Activity: Write each line below back out exactly, omitting its pictures.

Collected material:
BEGIN
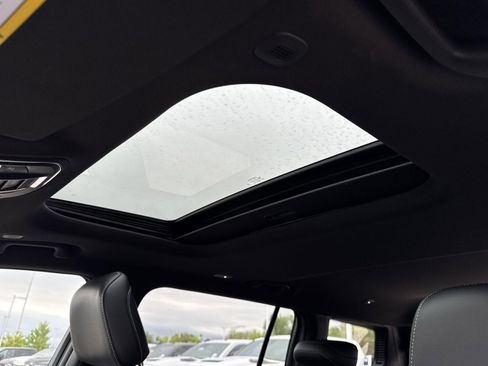 New 2025 Jeep Grand Cherokee L Altitude image 31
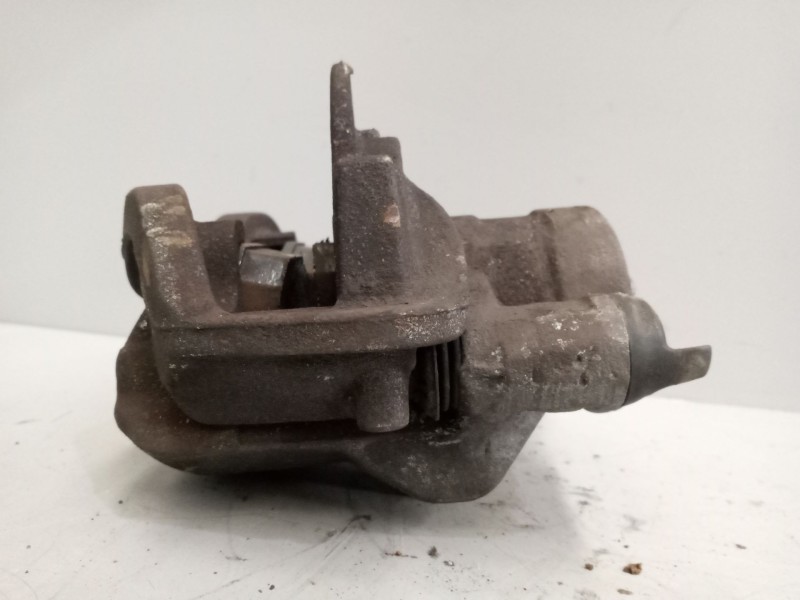 Recambio de pinza freno delantera izquierda para nissan cabstar 01.04  3.0 diesel referencia OEM IAM 730203  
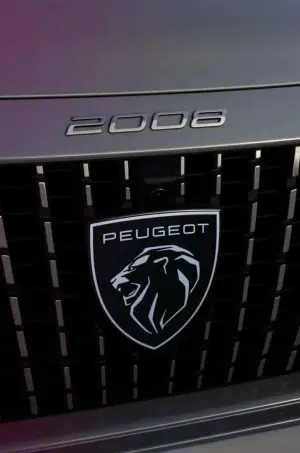 Peugeot e-2008 2023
END
Written response:
 New 2025 Jeep Grand Cherokee L Altitude image 31
 Recambio de pinza freno delantera izquierda para nissan cabstar 01.04  3.0 diesel referencia OEM IAM 730203  
 Peugeot e-2008 2023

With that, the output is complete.